Are we behind on Digital Transformation? We get asked that question a lot. The reason for this question is that over 70% of organizations have a new technology transformation strategy in place or are currently working on one according to Forbes. And the other 30% are probably thinking through what they can do to stay current with the known trends. Either way, most organizations want to understand their relative position.
This desire to be technically relevant results in a total annual spend exceeding $1 trillion dollars on technology change efforts. Most organizations feel the pressure to “do something” to enhance their digital footprint. This pressure is the result of increased competition generated by industry participants that has transformed the customer delivery using technology, the fear of missed growth opportunities by not being capable (or sufficiently flexible) to capitalize on consumer trends or the need to comply with ever increasing new regulations. This pressure is also enhanced by the belief (77% of organizations) that their relationship with existing internal technology is only average or better.
Our answer to this question is usually—“It depends”. We answer this way for three distinct reasons:
- 1. The phrase Digital Transformation can mean many things within a vast array of organizations.
- 2. The word Transformation causes headaches for people that have participated in a change effort.
- 3. The word Digital has several meanings that may or may not communicate your original intent to your audience.

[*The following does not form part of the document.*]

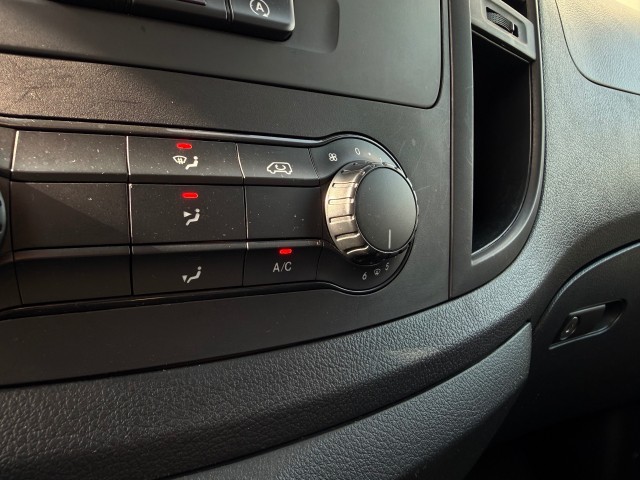MERCEDES-BENZ VITO 116 CDI L2H1 Airco / Afneembare trekhaak (2500KG), Cruise, Navi, Parkeersensoren, VDW Cars, Enschede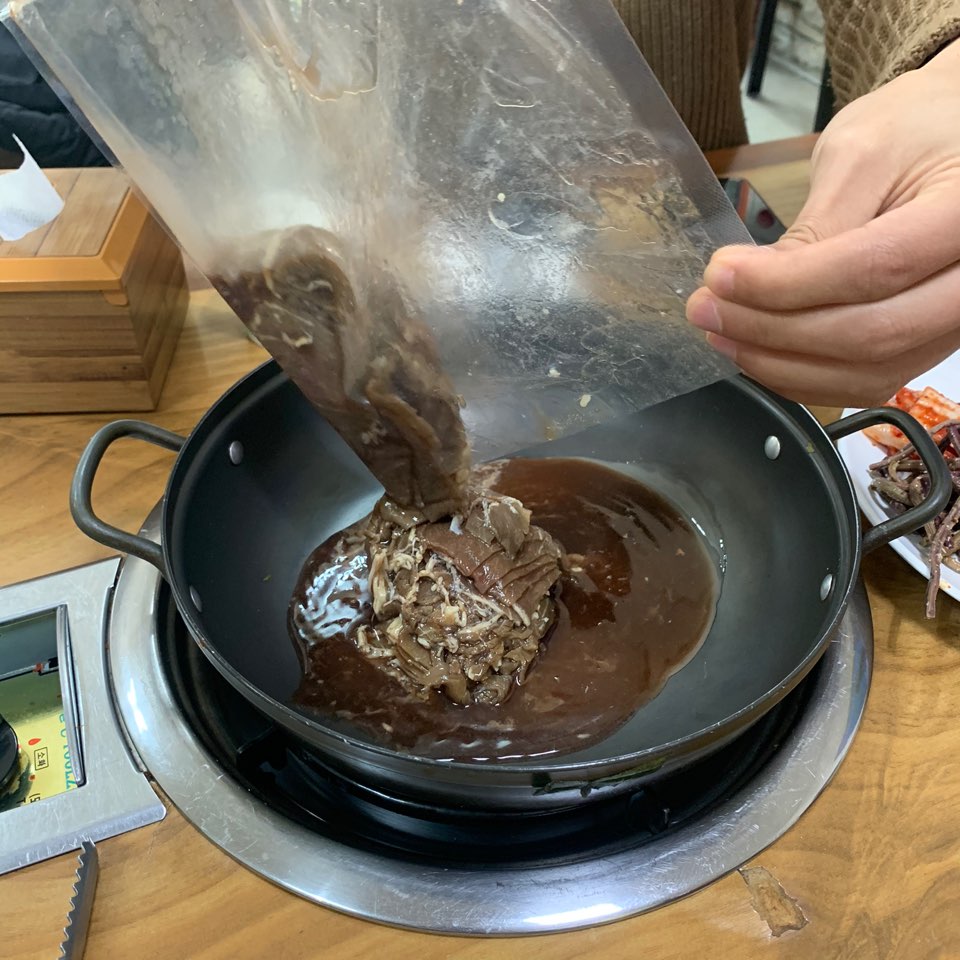 Famrecipe's tweet photo. #가문의레시피 는 쉽고 간편하게 먹을 수 있으면서도 건강에 해롭지않은 #양념소고기 테스트중이��요! 😝 과연 어떤 맛과 모습으로 완성이 되었을까요?
#신제품테스트 #식사아닌시식 #건강양념불고기 https://t.co/RmUfnMAdh4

We believe a better answer to the question of “Are We Behind Digital Transformation (or keeping pace with changing technology)?” is….It depends.
We believe it depends on your current level of technology employed throughout your organization which is measured by technological breadth. Plus, it depends on how vital your current technology is to your business model and providing a competitive advantage in your industry which is technological depth. We combine the technology breadth and depth to measure your Technology Embrace. This is one measure of your position against your competitors and within your industry.
An additional reason we tell our clients “It depends” is due to culture.
Your culture will inform you what the customers expect from your technology presence in comparison to your competitors. Culture will also measure how fast stakeholders within your company will adopt and effectively implement transformative technological change. We combine these factors to measure your level of Cultural Embrace.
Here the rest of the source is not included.